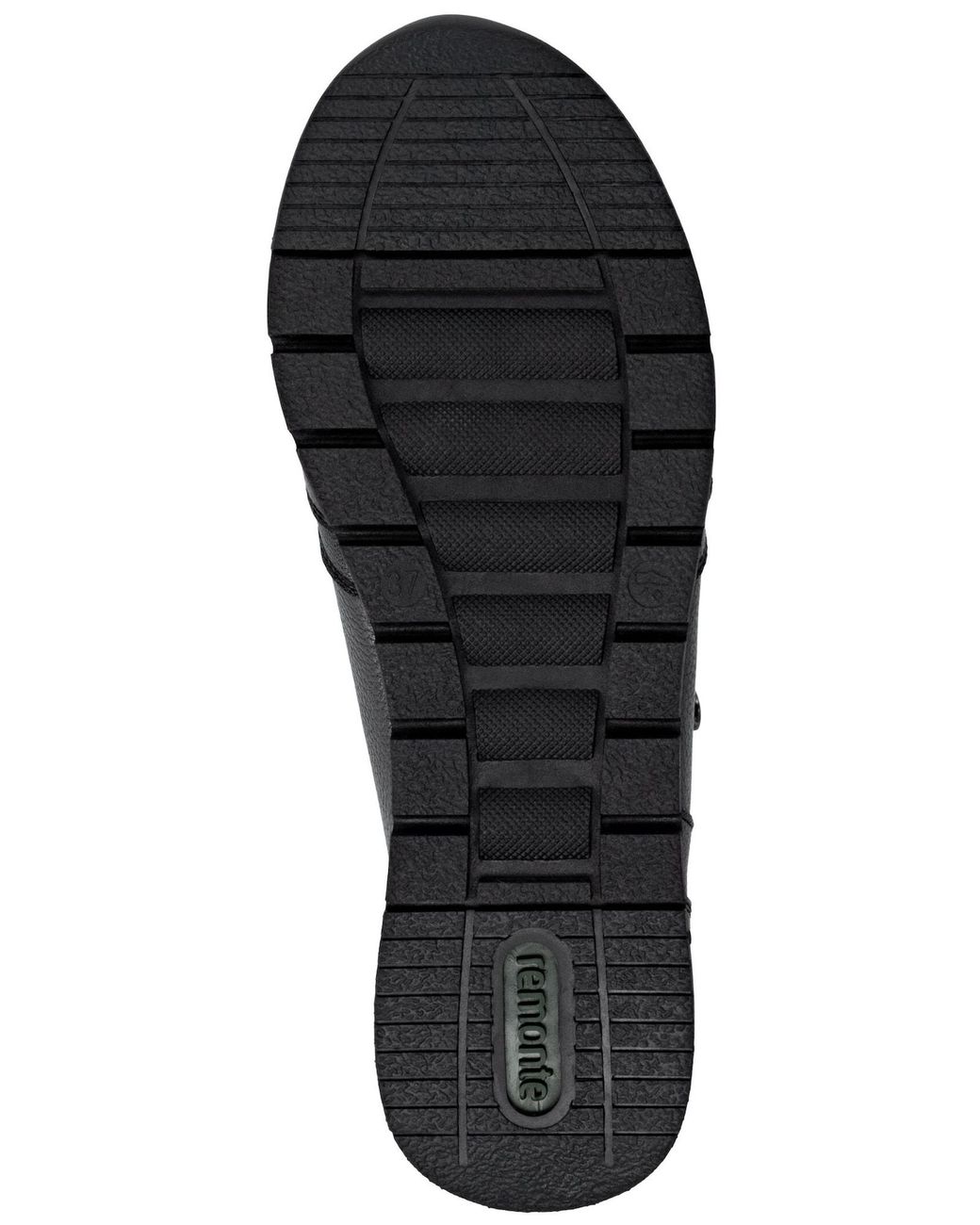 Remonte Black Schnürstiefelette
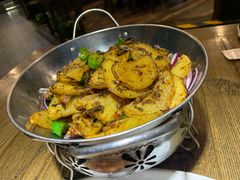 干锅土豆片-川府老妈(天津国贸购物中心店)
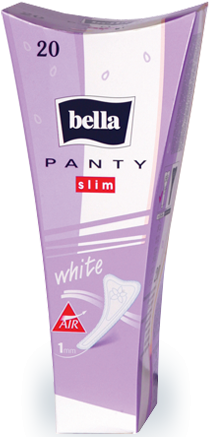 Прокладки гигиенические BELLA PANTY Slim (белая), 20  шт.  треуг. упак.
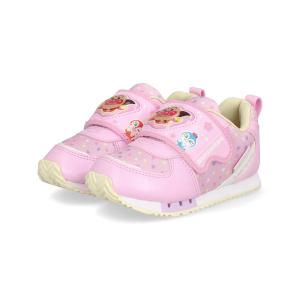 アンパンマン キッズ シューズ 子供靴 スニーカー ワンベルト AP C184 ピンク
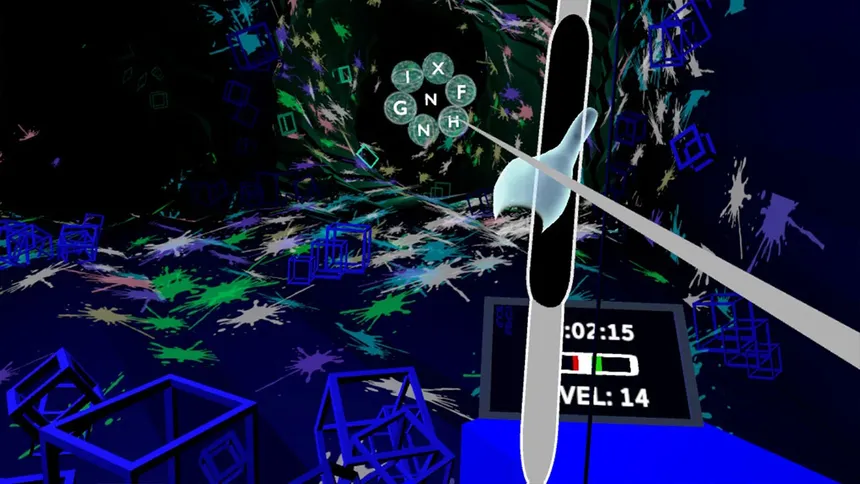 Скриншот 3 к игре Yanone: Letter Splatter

◆ ◆ ◆ ◆

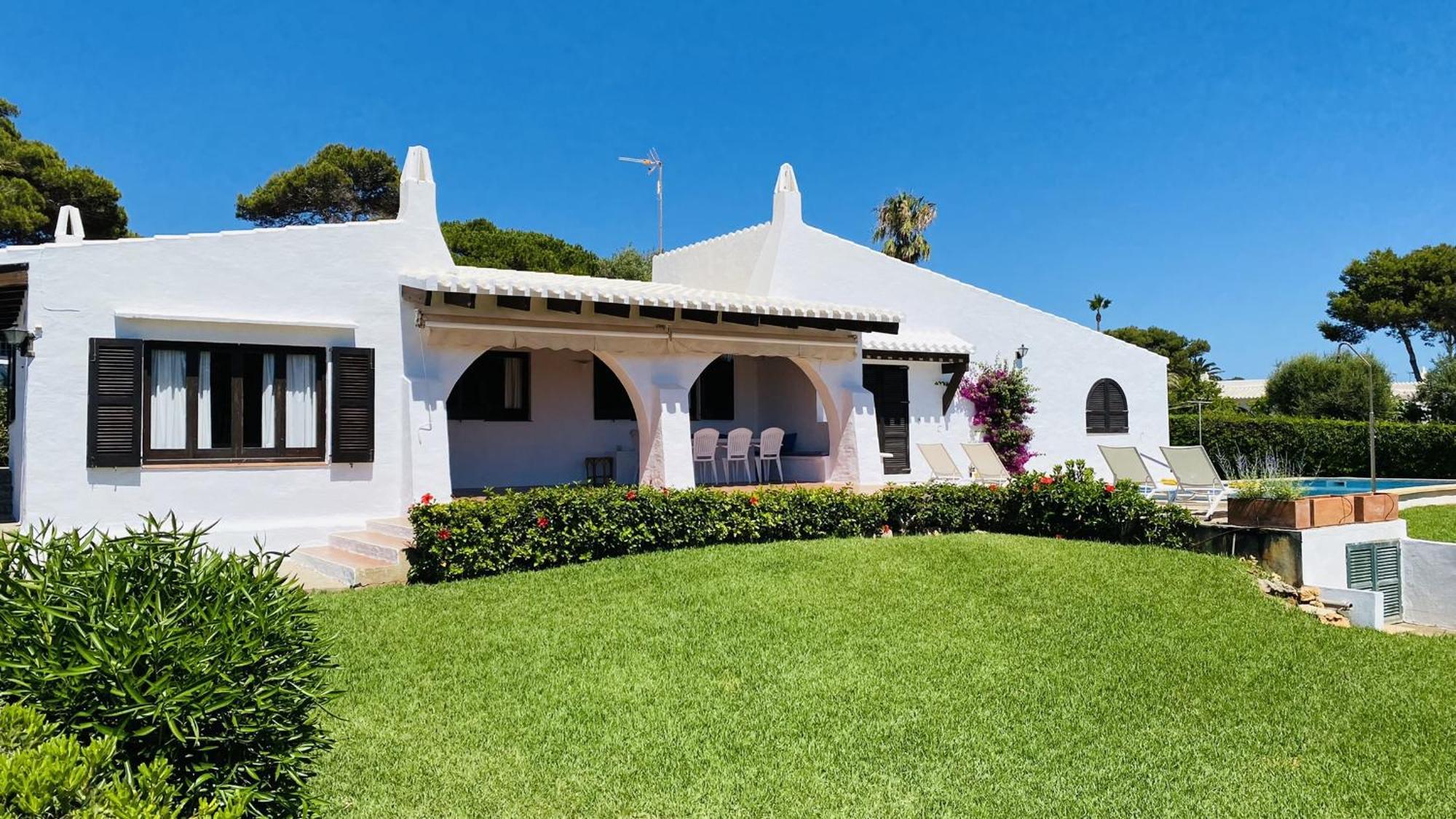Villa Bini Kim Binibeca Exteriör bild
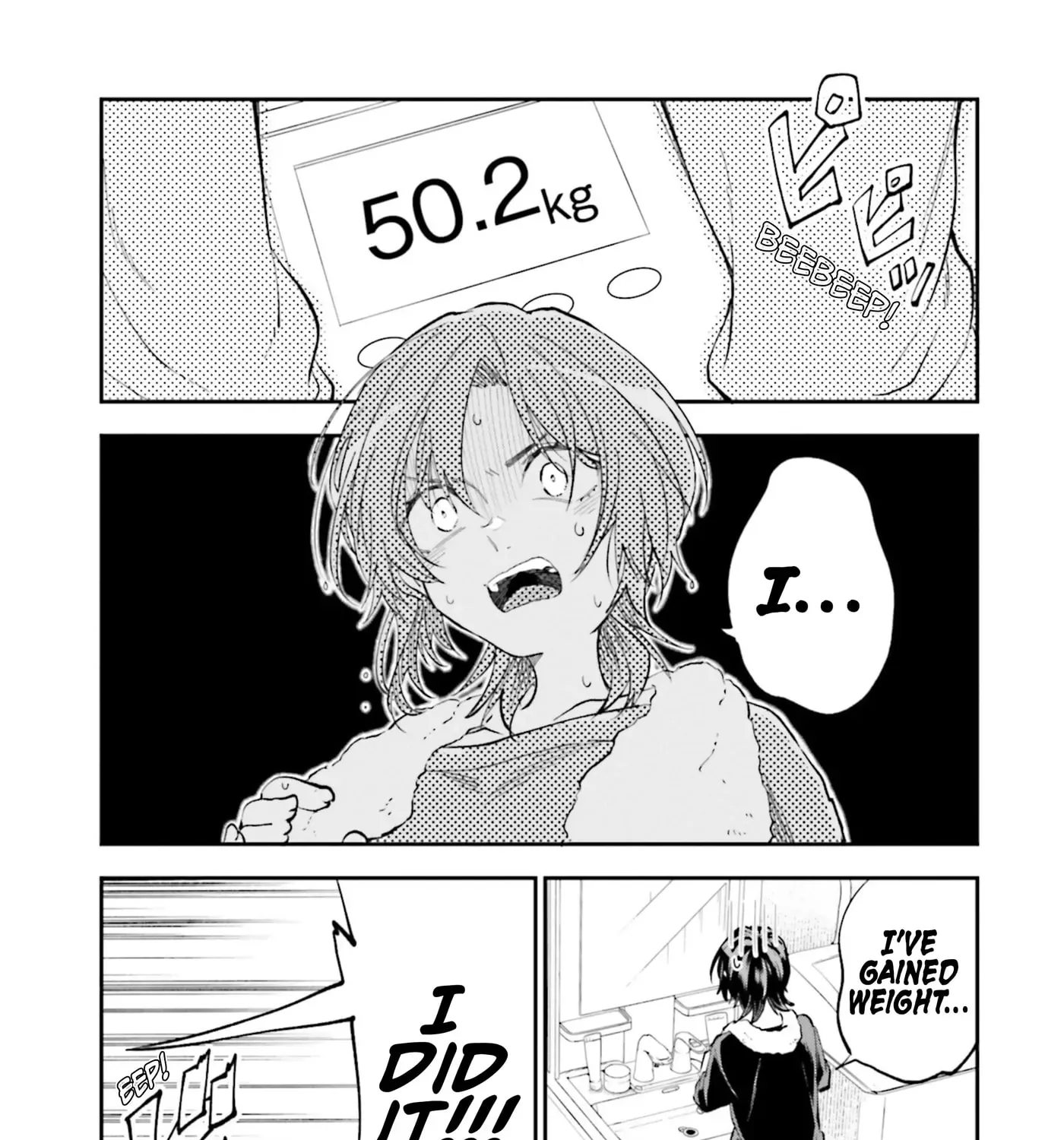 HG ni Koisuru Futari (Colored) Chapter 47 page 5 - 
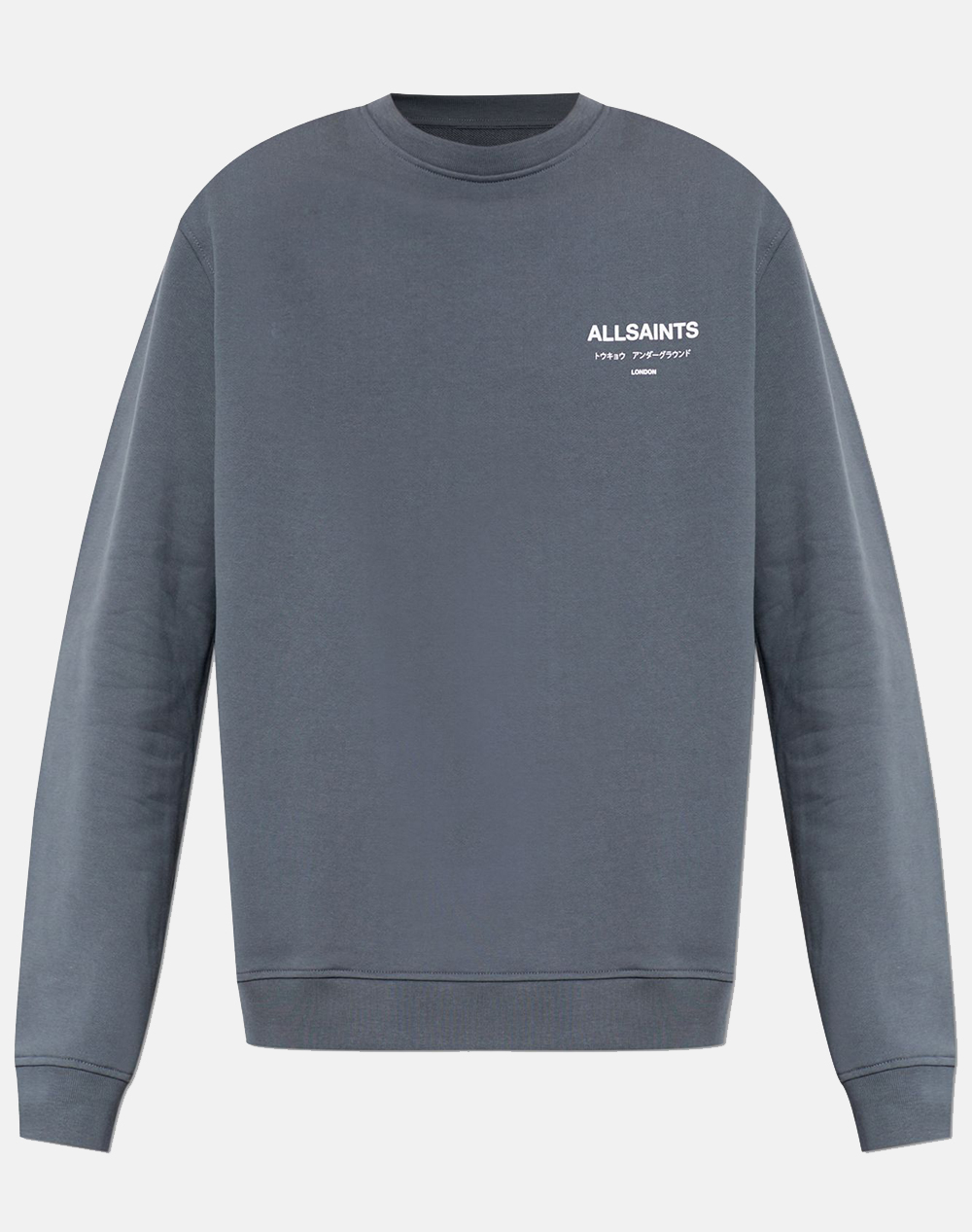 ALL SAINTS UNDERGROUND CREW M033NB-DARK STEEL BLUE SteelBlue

◆ ◆ ◆ ◆

> [DESCRIPTION OF THE TASK]: Nothing outside the stretch above, from the line with "Прокладки гигиенические BELLA" through the line with "Скриншот 3 к игре Yanone: Letter Splatter", is set down. Transcribe that stretch exactly, ends included, but not its pictures.

> [WORKED SOLUTION]:
 Прокладки гигиенические BELLA PANTY Slim (белая), 20  шт.  треуг. упак.
 アンパンマン キッズ シューズ 子供靴 スニーカー ワンベルト AP C184 ピンク
 Скриншот 3 к игре Yanone: Letter Splatter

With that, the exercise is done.